DATA PROVIDED.
▬▬▬

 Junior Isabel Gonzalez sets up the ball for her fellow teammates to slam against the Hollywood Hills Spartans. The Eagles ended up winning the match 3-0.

▬▬▬

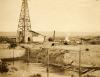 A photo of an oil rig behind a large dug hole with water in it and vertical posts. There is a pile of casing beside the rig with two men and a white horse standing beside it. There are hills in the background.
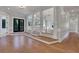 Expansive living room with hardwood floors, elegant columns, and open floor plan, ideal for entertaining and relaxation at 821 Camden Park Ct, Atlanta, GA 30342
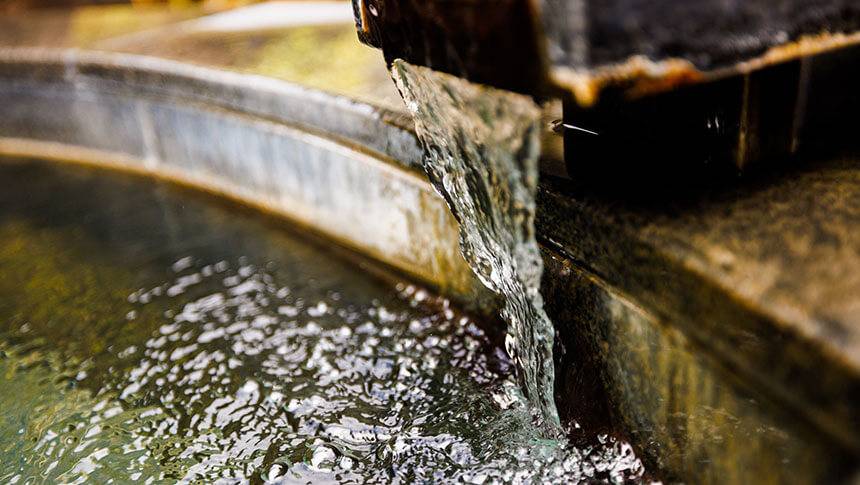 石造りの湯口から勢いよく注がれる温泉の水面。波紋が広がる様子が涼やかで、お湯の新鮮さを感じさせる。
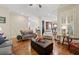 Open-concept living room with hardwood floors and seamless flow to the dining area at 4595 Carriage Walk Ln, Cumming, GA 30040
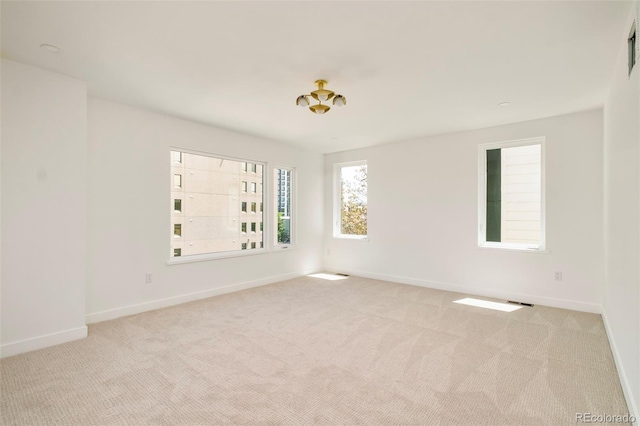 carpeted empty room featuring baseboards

▬▬▬

PROBLEM DETAILS.
Everything from the line with "Expansive living room" through the line with "carpeted empty room featuring baseboards" in the material above should be transcribed exactly, except the pictures.

REPLY TO THE EXERCISE.
 Expansive living room with hardwood floors, elegant columns, and open floor plan, ideal for entertaining and relaxation at 821 Camden Park Ct, Atlanta, GA 30342
 石造りの湯口から勢いよく注がれる温泉の水面。波紋が広がる様子が涼やかで、お湯の新鮮さを感じさせる。
 Open-concept living room with hardwood floors and seamless flow to the dining area at 4595 Carriage Walk Ln, Cumming, GA 30040
 carpeted empty room featuring baseboards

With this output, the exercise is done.